Just about every reference to this lore comes with moral condemnation at the tradeoff. But it is not clear to me why – and indeed I object to the contention – it was so awful to deploy our defeated WWII adversaries in our fight against Soviet expansion, yet just fine and dandy to aid and abet that expansion in our fight against the Axis. Indeed, I would assert the opposite: By 1946, former Nazis were hardly a threat, whereas in 1940 there was ample evidence that Stalin’s Russia was not only more barbaric than Hitler’s Germany, but a future source of conflict for the West’s security.
And yet the exact opposite moral lesson is routinely communicated by the media.
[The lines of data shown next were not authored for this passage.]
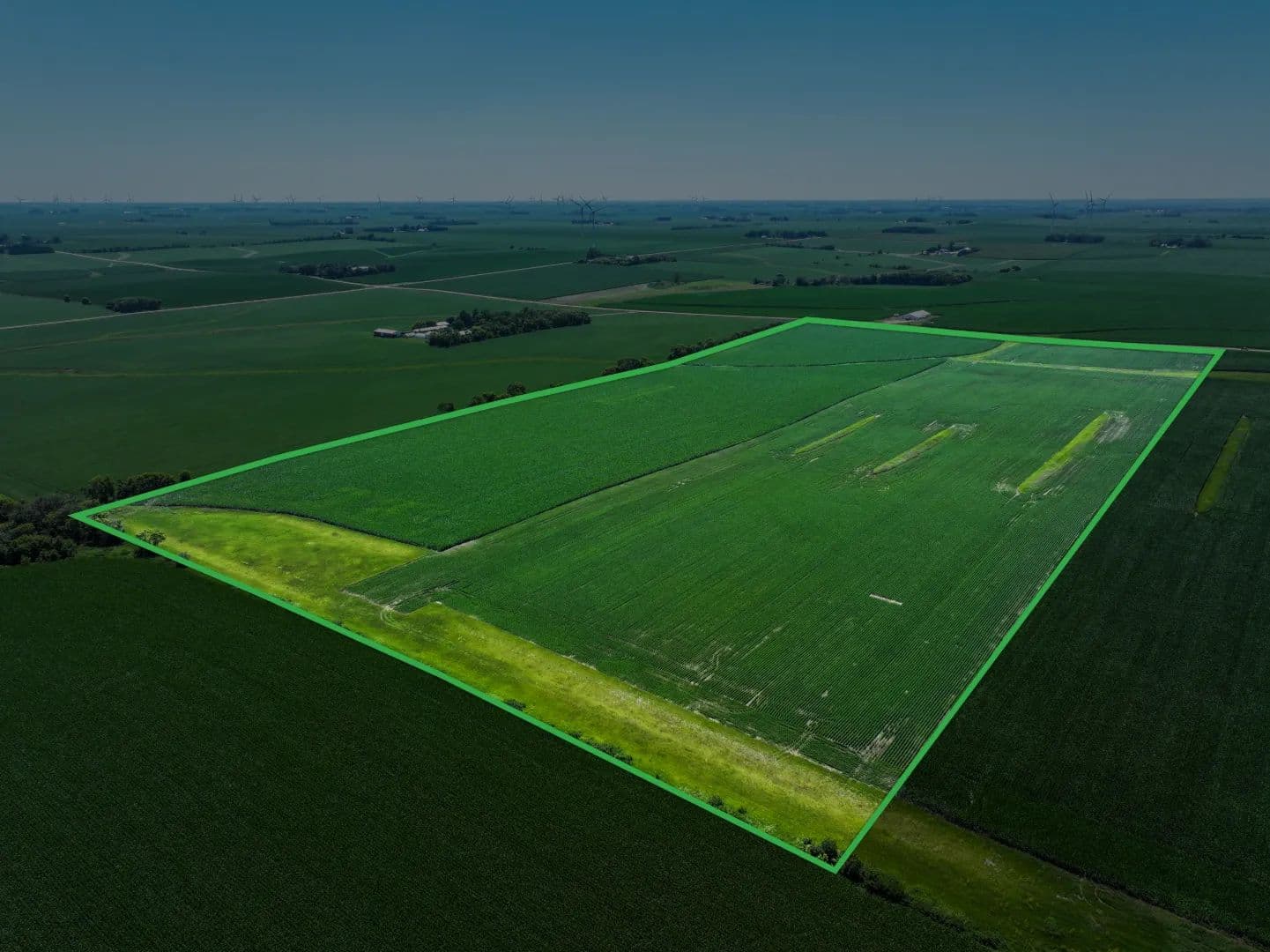 120.00± Acre Farm Auction Dodge County - land for sale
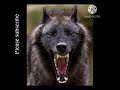 Black wolf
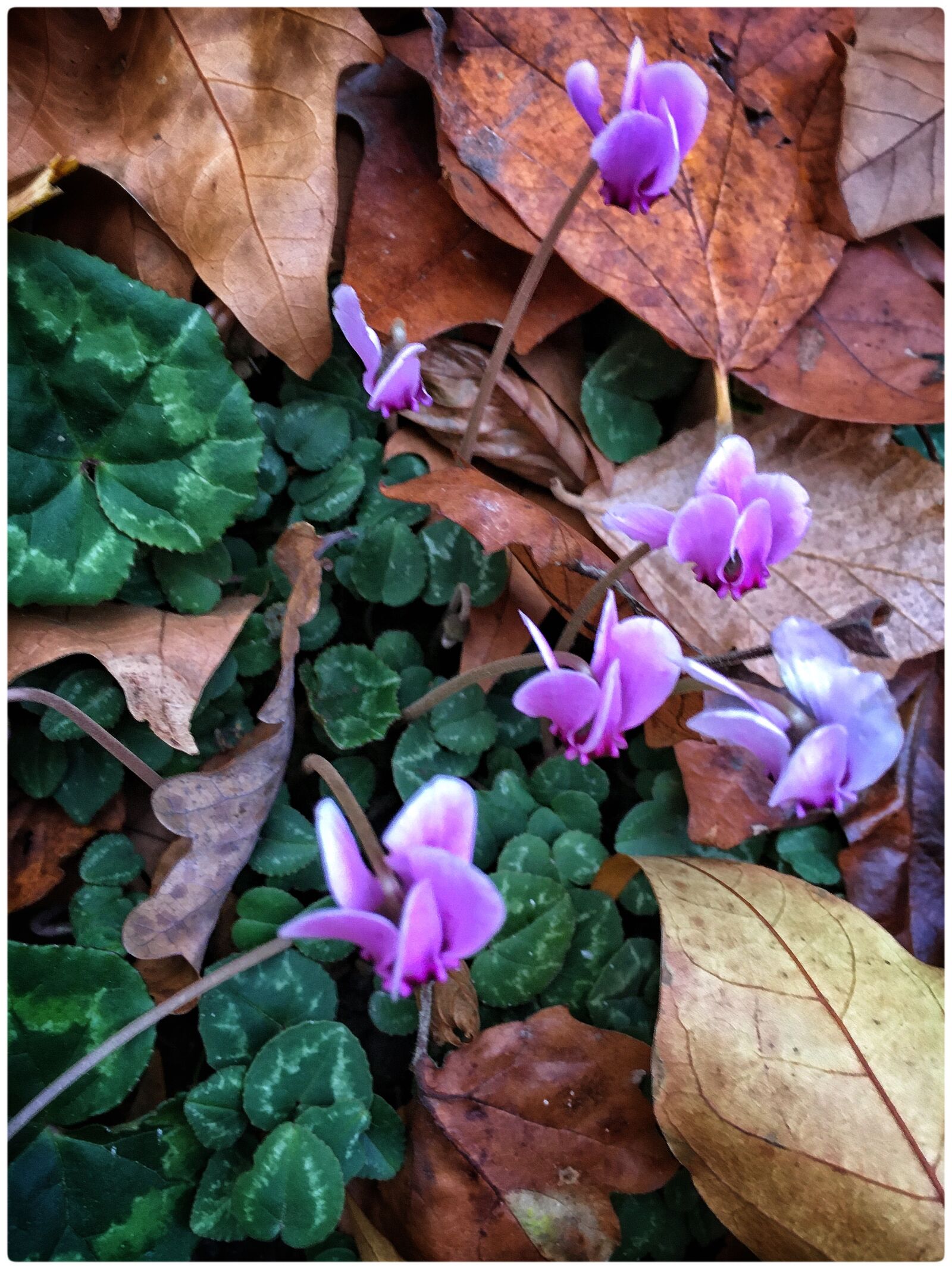 Apple iPhone 6s sample photo. Pink october, cyclamen, violet photography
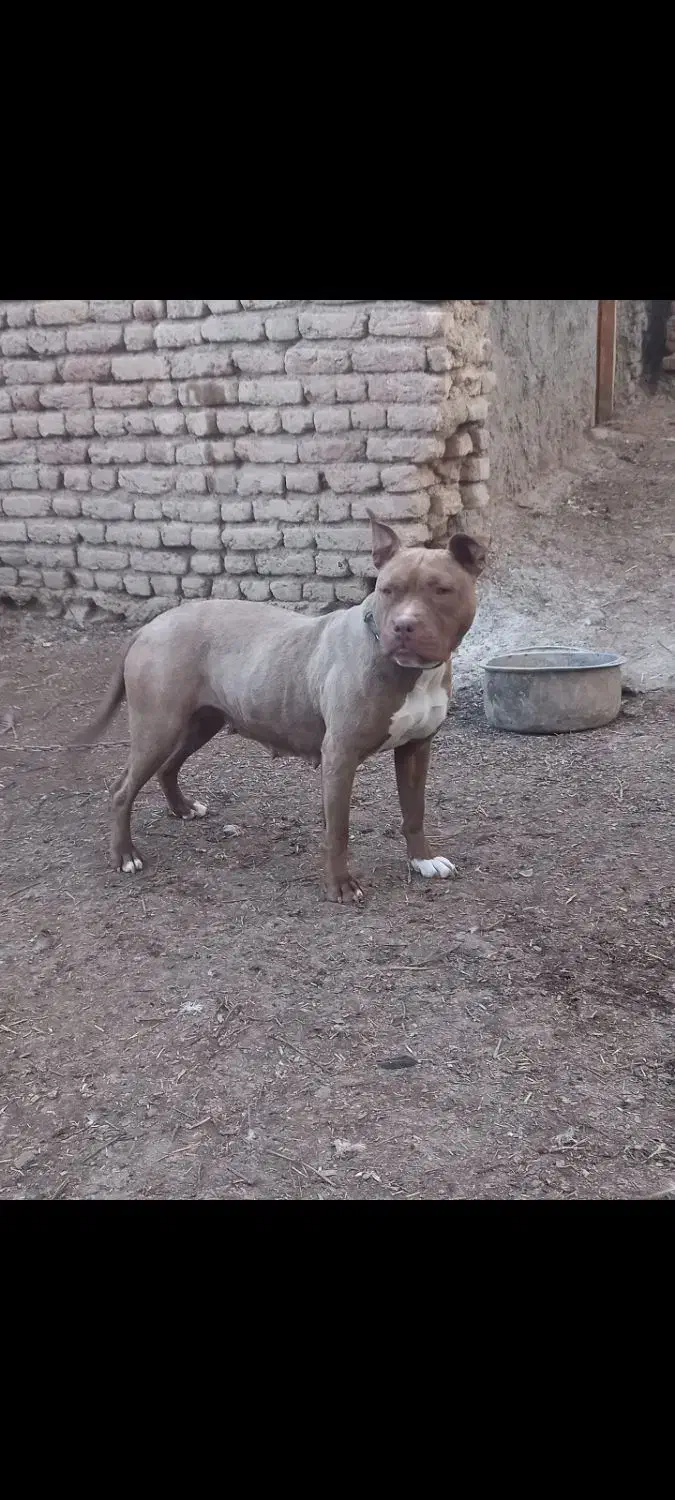 پیتبول ماده|سگ|اردبیل, |دیوار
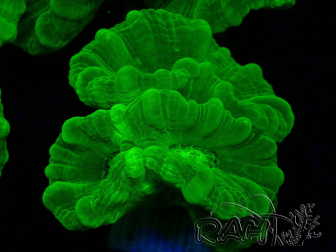 WYSIWYG Caulastrea furcata Yellow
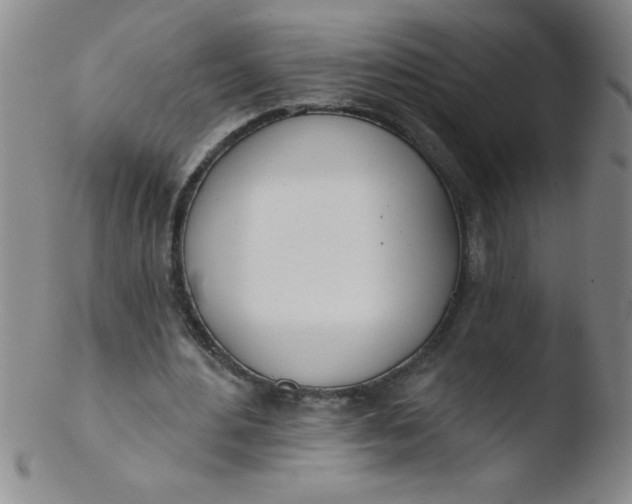 X0000103470484200809261908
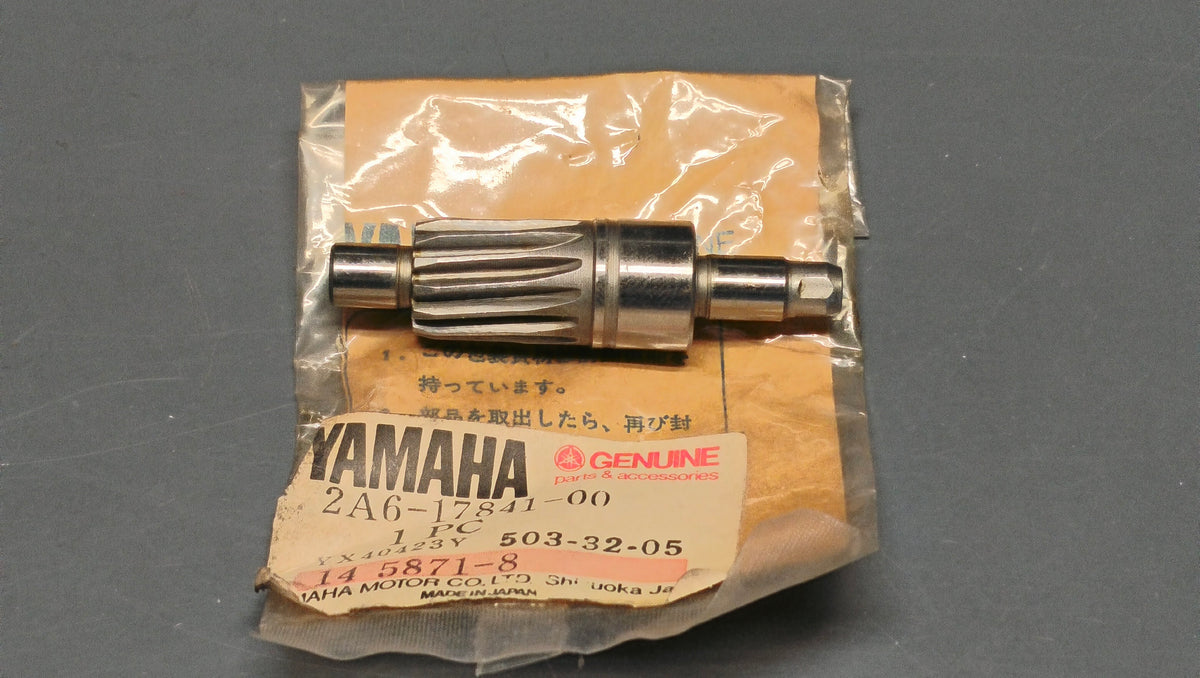 Yamaha Genuine DT125 Tachometer Drive Gear 2A6-17841-00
I wonder who’s interests that serves.
I will note in passing that the realpolitik case is somewhat different than the moral case. We armed the Soviets against the Nazis. We armed the proto-Taliban against the Soviets. We help the Pakistanis against the Taliban. So it goes.
A review of this history can prompt one of two possible reactions: (1) “All is vanity, and a striving after wind; or (2) “Sufficient unto the day is the evil thereof.” Either is defensible. What is not defensible is jumping back and forth between the two in the service of some hidden ethnic agenda.
* As indicated by the styles and history of the characters, the show is apparently set in the early 1960s, although with a lot of present day technology like cell phones and plenty of anachronistic cultural references.